Era uma vez o tempo das cartas. Escritas a mão, recheadas de sentimento, o coração destinatário nem tinha CEP.

Era uma vez uma carta do tempo em que se esperava o conteúdo da mochila do carteiro quase como um beijo. Linhas que curavam feridas, aqueciam sonhos, construíam amizades, promoviam perdões, despertavam romances, às vezes perfumavam quem as lia. Frequentemente afagavam, de longe e de perto, e aplacavam a saudade.

Era uma vez uma coisa que quase não se vê mais. Nada tinha a ver com e-mails quase sempre frios, chegando a toda hora. As cartas tocavam, como tocava docemente a campainha no momento em que depositadas junto ao jardim.

Havia também jardins, como nos lembra Drummond, em seu poema “Lembrança do mundo antigo”. Não que hoje não haja: naquele tempo, para pegar as cartas, a gente olhava o jardim, reparava nas flores, na grama, ficava descalço para sentir a terra. Depois sentava no banquinho do lado de fora da casa para se deliciar.

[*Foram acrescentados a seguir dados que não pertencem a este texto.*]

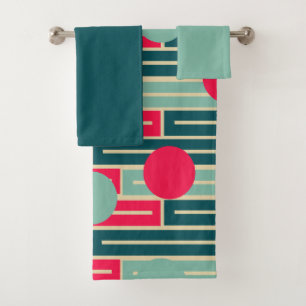 Pink, Light Blue, Teal Rectangles and Circles Bat Bath Towel Set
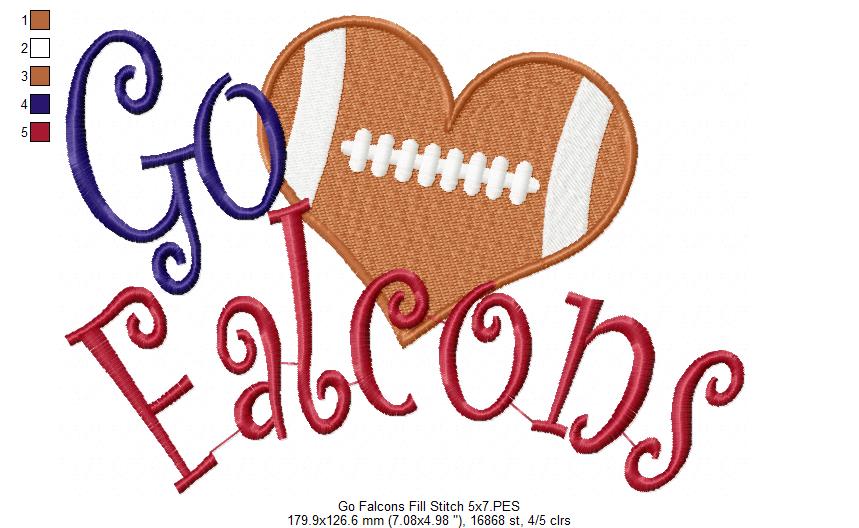 Football Go Falcons - Fill Stitch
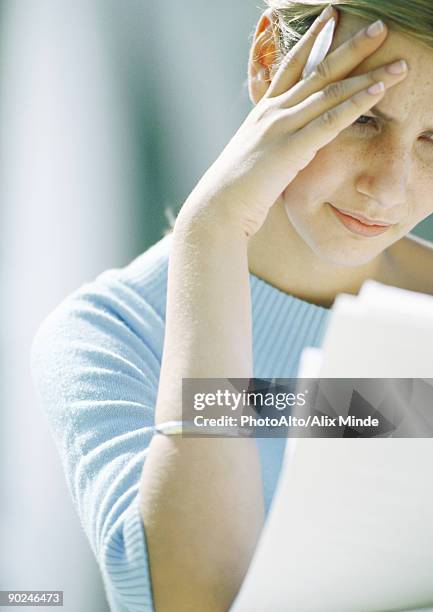 female student studying, close-up, partial view - knitting brow stock pictures, royalty-free photos & images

Ora, direis, trocamos as vetustas cartas escritas a mão por computadores, impressoras sem fio, celulares, fotografias digitais, TVs enormes e incrivelmente magrelas. Isso sem falar na internet, nos blogs e no Google, as três maiores invenções depois da roda. Tudo é tão maravilhoso! Sim. Vale a pena até escrever uma carta a um morador do passado para contar essas novidades.

O problema, porém, é que talvez ele – o morador do passado – não acredite que estas linhas, tão logo publicadas da periferia de Belo Horizonte, estarão em Pequim, em Teerã, em Vancouver, em Berlim, na Cidade do Cabo, no Taiti. E, com apenas um clique (convém explicar direitinho o que é isso), possivelmente até traduzidas no mesmo instante. Estarão tão longe e também aqui do lado, na casa do meu vizinho que não lê – e tem cara de nunca ter escrito uma carta.

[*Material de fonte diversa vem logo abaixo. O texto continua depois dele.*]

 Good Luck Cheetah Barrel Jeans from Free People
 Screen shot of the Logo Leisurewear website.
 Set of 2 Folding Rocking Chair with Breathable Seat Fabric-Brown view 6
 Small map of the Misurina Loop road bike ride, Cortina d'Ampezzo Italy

Mas talvez não somente o morador do passado tenda a ser incrédulo. Os de daqui a duas ou três décadas também não acreditarão em nós. Só que sua descrença não dirá respeito à nossa tecnologia então risível, mas será em relação às cartas, as quais somente lhes serão compreensíveis pelo método São Tomé – ver para crer. Assim, é bom guardarmos, bem acondicionados, alguns exemplares delas, se é que ainda não as "deletamos" todas. Verão os pósteros que o tempo das cartas não foi delírio nosso.